Alternatives Worth Considering

For the problem PASTA solves — bulk Plex track management — the realistic alternatives are limited:

  • Plex itself (native). Per-episode track selection exists in the native Plex UI. It’s what PASTA replaces. Not an alternative, but the baseline state.
  • Plex API scripting. Python or Bash scripts using the Plex API can bulk-set tracks with more flexibility than PASTA, but require writing code. For non-technical users, not realistic.
  • Sub-Zero / OpenSubtitles / Bazarr. These tools download and manage subtitle files, not which existing track is selected. Adjacent problem, different solution.
  • Kometa (formerly Plex Meta Manager). Manages metadata, collections, posters, and overlays. Does not manage audio/subtitle track defaults.
  • Jellyfin / Emby. If you’re considering switching media servers, both have their own track management — but that’s a larger decision than a utility swap.

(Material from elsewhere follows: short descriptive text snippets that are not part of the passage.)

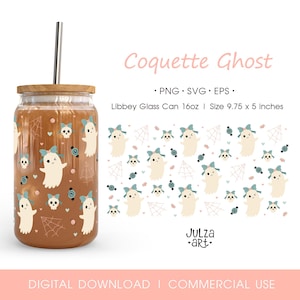 Coquette Halloween Ghost 16oz Libbey Glass Can Wrap PNG SVG Cute Halloween Cup Wrap Kawaii Spooky Season Creepy Scary Horror Tumbler Design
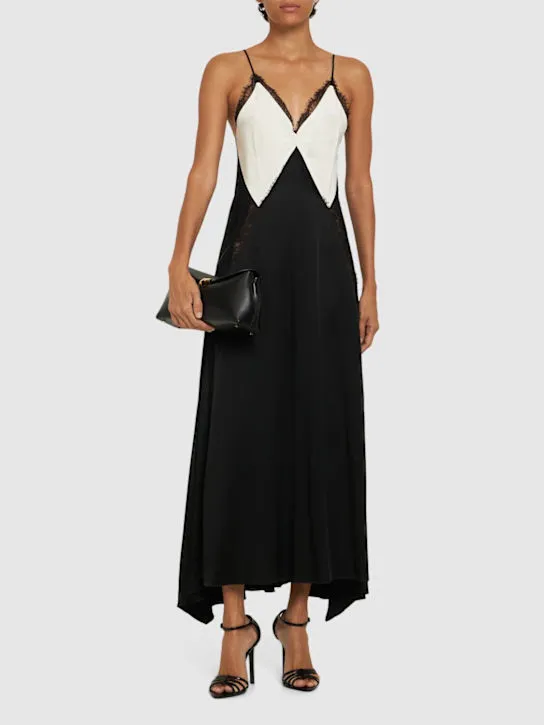 Victoria Beckham   Cami crepe satin long dress w/ lace 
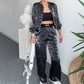 ❤️❤️Women's Fashion Leopard 2-Piece Set - Full-Zipper Jacket & Matching Wide-Leg Pants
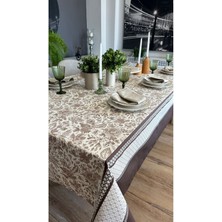 Decamor Home Leke Tutmaz Çiçek Desenli Kenar Bordürlü Kahverengi Masa Örtüsü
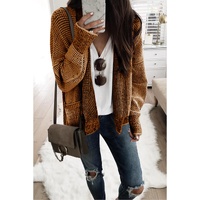 Brown Chunky Waffle Knit Oversized Collar Cardigan - 2XL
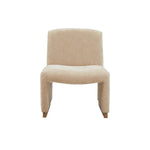 Walker Edison | Chenille Upholstered Armless Chair with Wood Legs Thumbnail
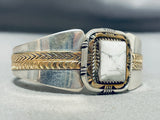 Important Vintage Native American Navajo White Buffalo Turquoise Gold Sterling Silver Bracelet-Nativo Arts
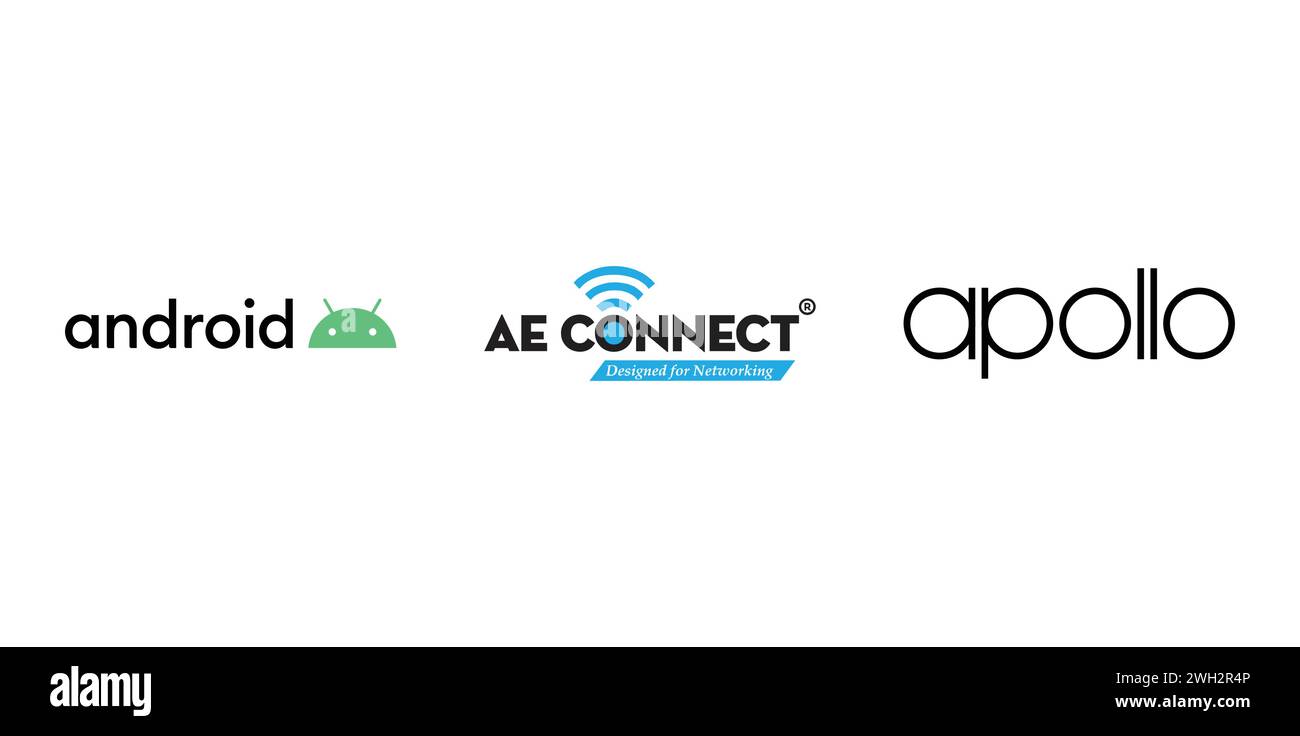 Android, Apollo Computer, AECONNECT. Emblème de marque éditoriale. Illustration de Vecteur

No direct PASTA competitor was found during research. The combination of “Plex-specific”, “bulk track selection”, and “web UI” appears to have only one implementation with meaningful community adoption.


Bottom Line

PASTA is a single-purpose tool that does exactly what its name says and nothing else. If you run Plex and you’ve ever had the experience of opening twenty episodes in sequence to switch the audio track, PASTA removes that friction permanently. It’s free, it’s client-side (your data stays between you and your Plex server), it deploys in under 30 minutes via Docker, and it works on ARM hardware. The caveats are real: solo developer, no license, no commercial backing, and no third-party validation beyond 420 GitHub stars and a documented real-world problem solved. For a personal Plex setup, those trade-offs are easy to accept. For anything requiring stability guarantees or commercial licensing clarity, they’re not.

If you’re already running a self-hosted media stack with Plex, PASTA is worth the 15 minutes to stand up a Docker container. The worst outcome is it doesn’t fit your workflow and you remove one container. The best outcome is you never click through episodes one by one again.


Sources

  1. cglatot/pasta — GitHub README. Primary documentation for PASTA: deployment, architecture, features, and use cases. https://github.com/cglatot/pasta
  2. PASTA on DockerHub — Official container image. https://hub.docker.com/r/cglatot/pasta
  3. PASTA official websitehttps://www.pastatool.com
  4. Unraid Community Applications — PASTA listing reference. https://github.com/selfhosters/unRAID-CA-templates

Note: No independent third-party reviews of PASTA were found during research. All substantive claims in this article are sourced from the project’s own README and GitHub repository. This is noted explicitly so readers can weight the assessment accordingly.